I am new to data science and working on a logistic regression project. I have a list of continuous variables like revenue, call usage etc. where I have some outliers. I ran descriptive statistics on these variables and found mean, Std Dev, p95.95%, p99.99%, max, 3SD - UC & LC. I would like to cap the outliers instead of deleting them from the database. So I would like to know the best and scientific approach to choose appropriate capping values based on stats (p95.95%, p99.99%, max, 3SD - UC & LC) provided. I mean whether should I go with 95 percentile 99 percentile or 3 SD. Please help.

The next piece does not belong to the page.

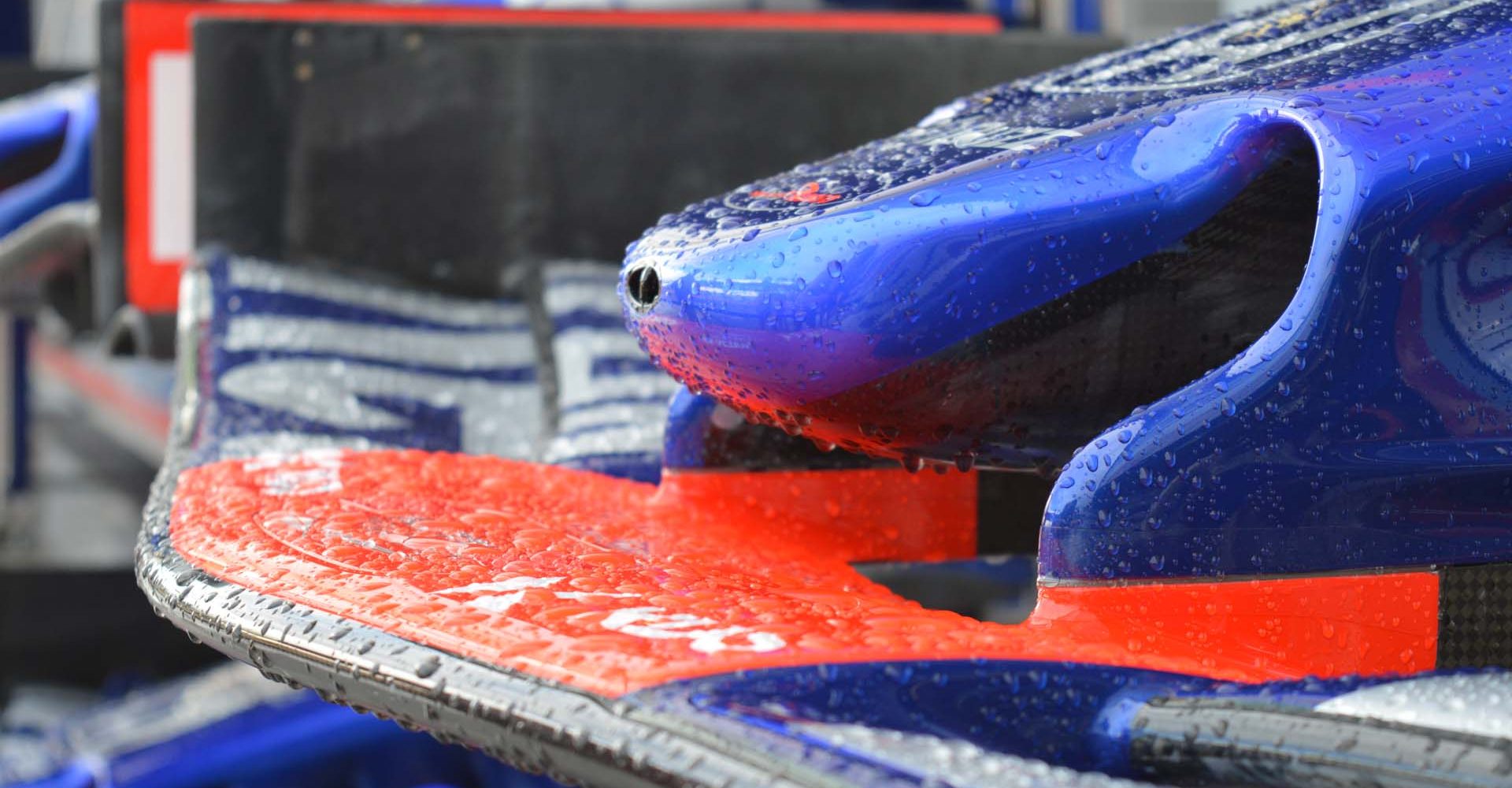 Toro Rosso front wing in wet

Please go through the link below,
But before applying any of the logics /mathematical approaches please look at the behaviors of target variable respect to the outliers of the independent variables. Sometimes you may get some interesting patterns.
Hi, in the book “Applied Predictive Modeling” (Max Kuhn - author of the CARET package) describes an interesting data transformation: “spatial sign”. He writes: "this procedure projects the predictor values onto a multidimensional sphere. This has the effect of making all the samples the same distance from the center of the sphere…) You´l find this on page 34-35 in the a.m. book. I have not tested it myself yet, but the transformation is included in the CARET package and can be easily applied. Best Alex
Thank you Paul. This is really helpful and informative. I would like to know that what should we be doing first in data exploration, missing value treatment or outlier treatment?
Before you cap the extreme values - try to acertain whether these are :
- Measurement or data entry errors
- Data points which are far from rest of the distribution
- Special cases or novelties
Though it is context dependent but, as a general rule, 95% (2 SD) could be a good cutoff limit.Alternatively, you can use (1.5 * Inter Quartile Range) as a measure to detect and cap outliers.